Estimating Cost Accurately   

It’s easy to fall into the trap of viewing a vendor solution as expensive because it’s an external purchase. Engineering time is already a line item in your budget, so using some of it to build out a feature feels like common sense. All it takes is a little subconscious bias to arrive at an overly optimistic estimate of total internal build cost and justify this option as cheaper in the long term than monthly SaaS payments. Then, a couple of months into the project, you realize it’s going way over budget—and on top of that, you’re going to have to compromise on some of the originally planned functionality, at least for now. 

To prevent this scenario, plan for the unplanned and make sure you’re not missing any hidden costs in your initial estimate. Not everything is going to go perfectly the first time—bugs, scaling issues, and other surprises are part of software development, and they should be part of your cost estimate, too. Your calculation for the time and cost to build in-house will depend on variables like developer salaries in your area, the backgrounds and levels of expertise available on your team, and the required use case(s) and feature depth of your product. Still, the basic methodology for the calculation should be consistent.

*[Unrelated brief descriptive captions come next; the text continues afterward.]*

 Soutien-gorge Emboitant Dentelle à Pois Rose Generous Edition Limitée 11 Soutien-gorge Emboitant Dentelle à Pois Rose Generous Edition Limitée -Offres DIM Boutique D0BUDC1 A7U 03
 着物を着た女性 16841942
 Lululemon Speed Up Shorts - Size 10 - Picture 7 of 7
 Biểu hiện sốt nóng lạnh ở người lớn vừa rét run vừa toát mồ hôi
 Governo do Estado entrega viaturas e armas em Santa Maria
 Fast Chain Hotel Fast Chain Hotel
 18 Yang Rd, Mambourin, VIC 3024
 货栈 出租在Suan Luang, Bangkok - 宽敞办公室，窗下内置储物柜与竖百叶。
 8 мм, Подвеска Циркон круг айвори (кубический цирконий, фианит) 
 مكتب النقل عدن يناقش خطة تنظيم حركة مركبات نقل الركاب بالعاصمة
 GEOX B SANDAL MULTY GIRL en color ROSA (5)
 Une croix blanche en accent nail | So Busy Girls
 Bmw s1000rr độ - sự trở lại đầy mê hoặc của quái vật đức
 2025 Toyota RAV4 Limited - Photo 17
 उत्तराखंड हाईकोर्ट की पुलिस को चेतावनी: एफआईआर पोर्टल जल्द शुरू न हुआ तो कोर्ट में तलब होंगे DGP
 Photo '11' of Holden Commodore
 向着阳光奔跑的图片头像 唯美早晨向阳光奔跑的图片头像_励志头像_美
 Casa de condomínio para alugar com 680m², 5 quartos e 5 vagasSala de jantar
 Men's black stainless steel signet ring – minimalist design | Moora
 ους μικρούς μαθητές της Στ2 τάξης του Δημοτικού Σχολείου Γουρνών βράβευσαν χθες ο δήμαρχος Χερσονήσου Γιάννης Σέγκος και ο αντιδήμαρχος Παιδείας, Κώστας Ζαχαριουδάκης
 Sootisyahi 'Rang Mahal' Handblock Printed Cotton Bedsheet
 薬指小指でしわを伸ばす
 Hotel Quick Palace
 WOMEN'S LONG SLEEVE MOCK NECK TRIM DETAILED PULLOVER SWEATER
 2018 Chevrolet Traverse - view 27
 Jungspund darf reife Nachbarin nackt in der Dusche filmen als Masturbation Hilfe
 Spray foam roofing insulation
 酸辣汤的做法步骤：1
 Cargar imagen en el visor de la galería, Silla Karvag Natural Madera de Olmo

The following formulas serve as a reference point to make sure you don’t overlook any hidden cost factors: 

Simplified In-House Build Cost 


Initial Build Cost [Development Labor + Infrastructure Over Expected Finite Time Period]


Maintenance & Scaling Cost [Initial Break-Fix & User Feedback Period as Usage Grows + Recurring Infrastructure Costs]


Simplified SaaS TCO 


Cost of Implementation [Customization + Integration]


Recurring Subscription Cost [Base Rate + Anticipated Overages + Premium Features]


Recurring Administrative / Maintenance Labor Cost

Spending $500 a month to save a sprint or two and get a product or critical feature to market is usually a no-brainer. But when evaluating any third-party product, be sure to understand the nuances of each vendor’s pricing structure. Rapid growth in active users, for example, can trigger overages. It’s important to work with the vendor to customize a plan that anticipates your needs and provides the most economical pricing structure for both the present and the future.

Realistic Timeline Planning    

You can think about the time a vendor solution saves in different terms—engineering time saved, accelerated time to market, and/or accelerated time to value. Will your product still be competitive if you build and launch a minimum viable feature in three to six months, then sort out bugs, scaling issues, and improvements after launch? Would it be more competitive if you launched a stable, high-performing version in two weeks?

On the flip side, you have to do enough research to understand how much time a given vendor solution is really going to save. You’ll need to gain familiarity with the category of products you’re evaluating and then go deeper with at least a handful of specific solutions. What would a given solution’s learning curve look like? How much integration work will it take? 

Predicting Competitive Differentiation 

Will the feature or product you’re evaluating differentiate your product from the competition, or is it just a practical component of a larger platform? Subscription billing systems and payment gateways are good examples: If you’re building a fintech product whose core value prop involves improving these processes, you may want to tackle an in-house build. But if you’re building out an e-commerce app whose main differentiator is better shipping fulfillment and logistics systems, just integrate a vendor’s payment system and never look back. 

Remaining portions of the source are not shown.